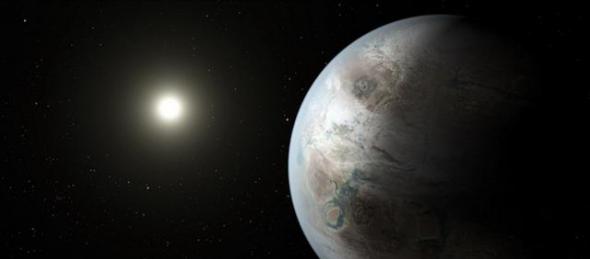 艺术家描绘的Kepler 452b行星环绕Kepler 452恒星运行，它距离地球1400光年。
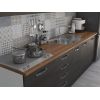 Bucatarie Alfa 260, Cu vitrina, Wenge, Blat termic nuc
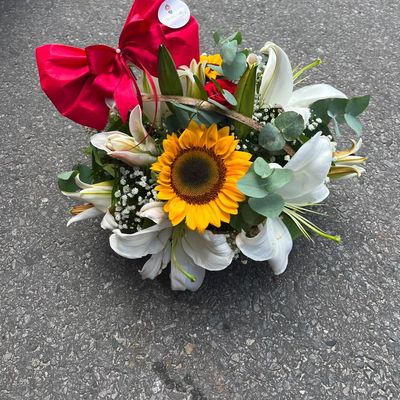 Cheerful Sunflower and Lily Basket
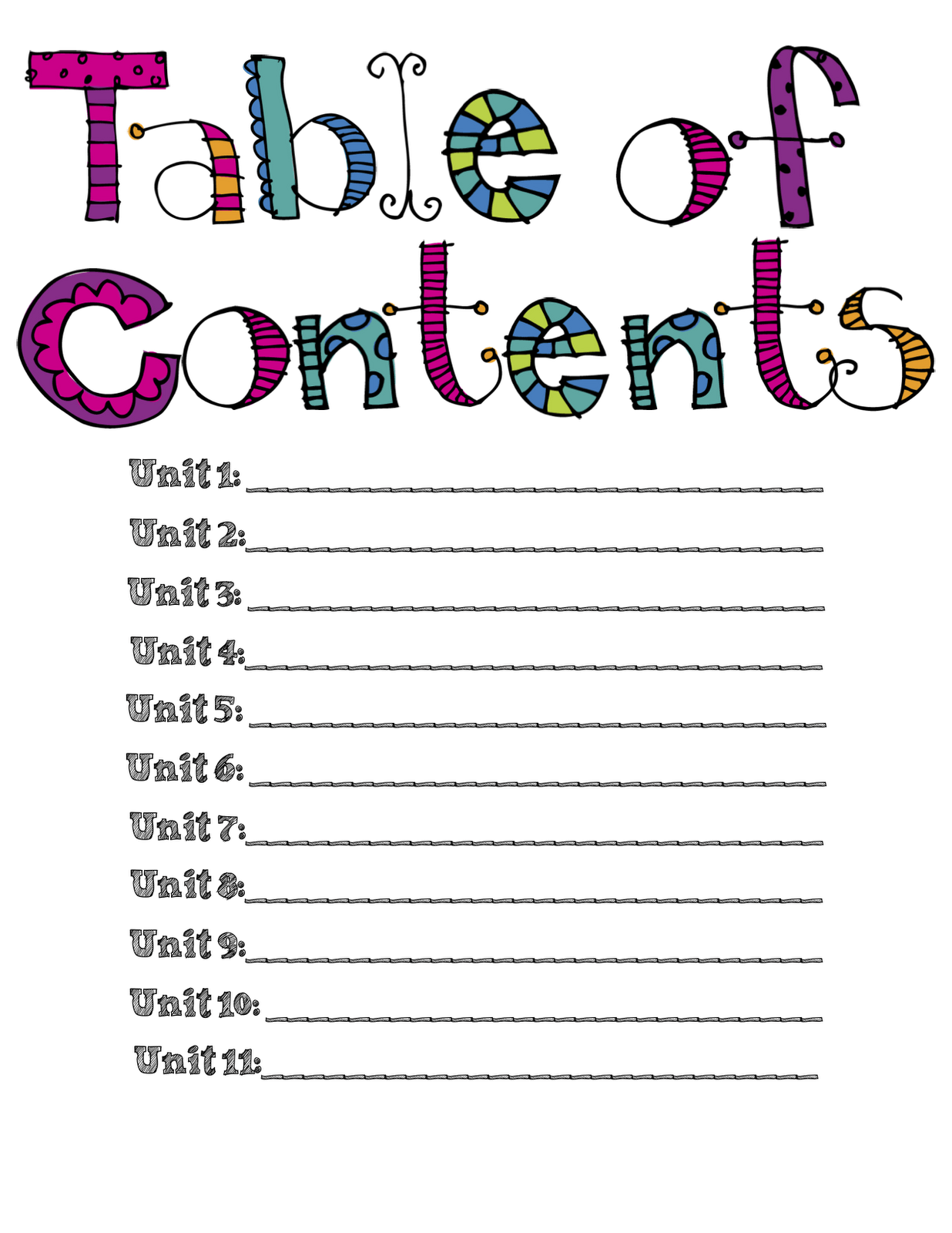 Picture of table of contents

================

:: Action item ::
Extract word for word every line from the line that contains "Cheerful Sunflower and Lily Basket" to the final line of the data, both included, and nothing else; skip the pictures.

:: Result ::
 Cheerful Sunflower and Lily Basket
 Picture of table of contents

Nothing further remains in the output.